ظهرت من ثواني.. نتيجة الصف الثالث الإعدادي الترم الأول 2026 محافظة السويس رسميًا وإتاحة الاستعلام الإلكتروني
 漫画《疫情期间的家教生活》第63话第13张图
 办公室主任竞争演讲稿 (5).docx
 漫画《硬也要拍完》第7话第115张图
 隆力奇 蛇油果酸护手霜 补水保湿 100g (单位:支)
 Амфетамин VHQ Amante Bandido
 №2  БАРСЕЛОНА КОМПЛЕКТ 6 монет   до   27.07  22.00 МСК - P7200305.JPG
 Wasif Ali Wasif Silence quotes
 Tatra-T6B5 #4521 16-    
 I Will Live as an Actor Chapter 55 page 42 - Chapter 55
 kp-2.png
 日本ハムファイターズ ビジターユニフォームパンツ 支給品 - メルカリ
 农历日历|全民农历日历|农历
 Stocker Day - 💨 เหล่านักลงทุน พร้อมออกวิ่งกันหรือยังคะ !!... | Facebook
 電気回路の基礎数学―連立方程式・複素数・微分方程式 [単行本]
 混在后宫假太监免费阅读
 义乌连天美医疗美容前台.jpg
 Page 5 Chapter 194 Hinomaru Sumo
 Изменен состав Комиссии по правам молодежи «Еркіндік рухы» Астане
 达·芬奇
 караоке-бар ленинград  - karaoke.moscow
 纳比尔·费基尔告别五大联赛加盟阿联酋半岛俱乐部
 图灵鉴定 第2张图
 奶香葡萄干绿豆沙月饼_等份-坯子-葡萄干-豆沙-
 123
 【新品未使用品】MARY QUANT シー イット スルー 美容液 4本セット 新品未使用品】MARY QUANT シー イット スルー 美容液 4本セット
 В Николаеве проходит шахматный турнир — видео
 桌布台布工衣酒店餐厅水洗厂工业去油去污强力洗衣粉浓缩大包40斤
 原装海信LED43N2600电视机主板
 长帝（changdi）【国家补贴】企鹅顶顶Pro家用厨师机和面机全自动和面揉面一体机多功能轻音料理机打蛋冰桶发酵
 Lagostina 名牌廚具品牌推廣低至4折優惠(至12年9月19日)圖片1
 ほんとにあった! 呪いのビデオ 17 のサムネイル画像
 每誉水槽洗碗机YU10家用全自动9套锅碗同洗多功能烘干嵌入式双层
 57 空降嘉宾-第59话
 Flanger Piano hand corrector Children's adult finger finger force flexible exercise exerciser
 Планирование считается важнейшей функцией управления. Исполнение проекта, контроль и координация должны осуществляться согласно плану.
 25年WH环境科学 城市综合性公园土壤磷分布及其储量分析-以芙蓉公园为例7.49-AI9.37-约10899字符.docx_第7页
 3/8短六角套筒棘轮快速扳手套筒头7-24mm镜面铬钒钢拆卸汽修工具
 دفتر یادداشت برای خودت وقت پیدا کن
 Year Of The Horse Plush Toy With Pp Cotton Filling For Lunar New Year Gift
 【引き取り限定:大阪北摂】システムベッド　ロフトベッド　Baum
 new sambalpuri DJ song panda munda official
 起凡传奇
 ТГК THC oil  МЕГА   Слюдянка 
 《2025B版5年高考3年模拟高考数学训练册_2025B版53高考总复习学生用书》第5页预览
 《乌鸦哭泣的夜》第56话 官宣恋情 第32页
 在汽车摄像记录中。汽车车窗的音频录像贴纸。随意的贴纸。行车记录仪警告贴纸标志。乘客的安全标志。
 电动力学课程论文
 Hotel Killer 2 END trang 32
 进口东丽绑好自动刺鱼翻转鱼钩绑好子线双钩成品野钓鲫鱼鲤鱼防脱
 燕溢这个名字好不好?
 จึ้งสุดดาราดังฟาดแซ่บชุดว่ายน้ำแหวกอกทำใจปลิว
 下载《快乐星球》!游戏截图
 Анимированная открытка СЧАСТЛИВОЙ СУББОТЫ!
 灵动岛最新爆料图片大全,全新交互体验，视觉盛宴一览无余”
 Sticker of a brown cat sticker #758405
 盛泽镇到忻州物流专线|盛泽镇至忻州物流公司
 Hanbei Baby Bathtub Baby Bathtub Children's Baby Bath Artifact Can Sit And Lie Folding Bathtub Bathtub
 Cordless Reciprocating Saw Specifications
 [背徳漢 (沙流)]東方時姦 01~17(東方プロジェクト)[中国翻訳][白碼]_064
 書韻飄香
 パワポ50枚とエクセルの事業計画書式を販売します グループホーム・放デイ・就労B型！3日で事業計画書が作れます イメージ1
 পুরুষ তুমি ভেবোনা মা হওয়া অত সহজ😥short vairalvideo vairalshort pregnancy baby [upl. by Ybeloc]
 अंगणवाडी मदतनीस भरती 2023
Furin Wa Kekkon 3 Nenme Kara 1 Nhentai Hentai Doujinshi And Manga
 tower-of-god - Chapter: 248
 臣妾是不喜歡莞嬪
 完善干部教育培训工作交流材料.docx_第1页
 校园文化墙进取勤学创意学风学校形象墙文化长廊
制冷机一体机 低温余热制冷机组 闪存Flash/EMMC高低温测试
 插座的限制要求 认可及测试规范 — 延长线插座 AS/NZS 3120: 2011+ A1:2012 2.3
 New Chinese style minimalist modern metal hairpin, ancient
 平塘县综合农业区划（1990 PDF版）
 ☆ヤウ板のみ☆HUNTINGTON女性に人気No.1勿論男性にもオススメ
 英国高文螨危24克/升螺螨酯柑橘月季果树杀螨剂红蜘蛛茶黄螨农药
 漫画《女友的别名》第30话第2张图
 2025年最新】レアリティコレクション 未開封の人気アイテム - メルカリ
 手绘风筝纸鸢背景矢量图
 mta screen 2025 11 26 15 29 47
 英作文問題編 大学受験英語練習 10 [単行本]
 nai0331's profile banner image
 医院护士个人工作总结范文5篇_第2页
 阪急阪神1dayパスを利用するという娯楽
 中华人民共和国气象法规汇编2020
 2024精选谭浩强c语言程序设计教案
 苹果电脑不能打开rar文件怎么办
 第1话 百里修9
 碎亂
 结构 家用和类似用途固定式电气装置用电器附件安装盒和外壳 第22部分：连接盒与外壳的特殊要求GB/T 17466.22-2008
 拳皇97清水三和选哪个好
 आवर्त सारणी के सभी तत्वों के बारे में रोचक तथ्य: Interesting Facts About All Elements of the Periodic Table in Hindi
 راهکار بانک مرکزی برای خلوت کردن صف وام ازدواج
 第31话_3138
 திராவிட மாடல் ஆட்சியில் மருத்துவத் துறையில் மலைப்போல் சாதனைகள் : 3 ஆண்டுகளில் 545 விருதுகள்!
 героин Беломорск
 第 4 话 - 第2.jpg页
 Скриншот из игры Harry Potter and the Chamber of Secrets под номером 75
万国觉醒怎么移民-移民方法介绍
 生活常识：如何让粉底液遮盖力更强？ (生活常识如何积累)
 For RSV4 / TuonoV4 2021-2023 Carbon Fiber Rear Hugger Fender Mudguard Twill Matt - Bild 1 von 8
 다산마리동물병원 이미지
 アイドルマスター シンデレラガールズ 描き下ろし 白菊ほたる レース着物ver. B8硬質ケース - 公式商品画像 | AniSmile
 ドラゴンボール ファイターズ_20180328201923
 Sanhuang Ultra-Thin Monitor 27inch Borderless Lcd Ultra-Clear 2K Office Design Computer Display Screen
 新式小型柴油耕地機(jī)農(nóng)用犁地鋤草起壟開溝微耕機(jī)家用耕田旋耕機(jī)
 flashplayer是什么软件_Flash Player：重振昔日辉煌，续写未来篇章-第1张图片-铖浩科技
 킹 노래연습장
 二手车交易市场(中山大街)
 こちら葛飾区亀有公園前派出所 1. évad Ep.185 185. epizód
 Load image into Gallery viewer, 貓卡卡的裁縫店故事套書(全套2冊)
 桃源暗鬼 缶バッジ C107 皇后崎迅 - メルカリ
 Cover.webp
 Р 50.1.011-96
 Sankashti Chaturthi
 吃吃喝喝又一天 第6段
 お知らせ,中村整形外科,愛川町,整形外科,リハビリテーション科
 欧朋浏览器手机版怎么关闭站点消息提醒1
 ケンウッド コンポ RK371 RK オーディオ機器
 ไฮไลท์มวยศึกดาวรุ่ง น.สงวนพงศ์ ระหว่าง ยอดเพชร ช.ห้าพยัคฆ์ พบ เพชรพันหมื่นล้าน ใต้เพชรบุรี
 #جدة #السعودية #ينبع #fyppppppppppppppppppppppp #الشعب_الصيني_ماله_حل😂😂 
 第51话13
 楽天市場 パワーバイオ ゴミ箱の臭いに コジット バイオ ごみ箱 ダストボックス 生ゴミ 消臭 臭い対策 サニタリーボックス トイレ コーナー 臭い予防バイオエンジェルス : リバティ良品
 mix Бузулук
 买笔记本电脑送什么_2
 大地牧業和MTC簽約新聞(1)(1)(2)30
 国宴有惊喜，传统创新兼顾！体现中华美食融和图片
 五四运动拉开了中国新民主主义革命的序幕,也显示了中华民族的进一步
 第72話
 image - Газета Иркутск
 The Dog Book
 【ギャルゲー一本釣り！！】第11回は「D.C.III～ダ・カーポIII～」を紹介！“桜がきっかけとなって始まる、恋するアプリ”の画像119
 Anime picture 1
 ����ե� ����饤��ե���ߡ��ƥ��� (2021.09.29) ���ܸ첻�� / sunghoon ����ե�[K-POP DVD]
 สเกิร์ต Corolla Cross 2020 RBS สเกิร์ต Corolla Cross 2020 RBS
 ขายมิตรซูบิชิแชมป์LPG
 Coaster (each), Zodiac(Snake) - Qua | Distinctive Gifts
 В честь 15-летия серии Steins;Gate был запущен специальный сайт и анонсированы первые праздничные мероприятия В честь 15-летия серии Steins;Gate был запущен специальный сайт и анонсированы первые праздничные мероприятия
=-=-=
Directions for this task -> Scan the listing above and identify each line holding the string "image"; copy every such line.

Exercise solution ->
 nai0331's profile banner image
 Load image into Gallery viewer, 貓卡卡的裁縫店故事套書(全套2冊)
 image - Газета Иркутск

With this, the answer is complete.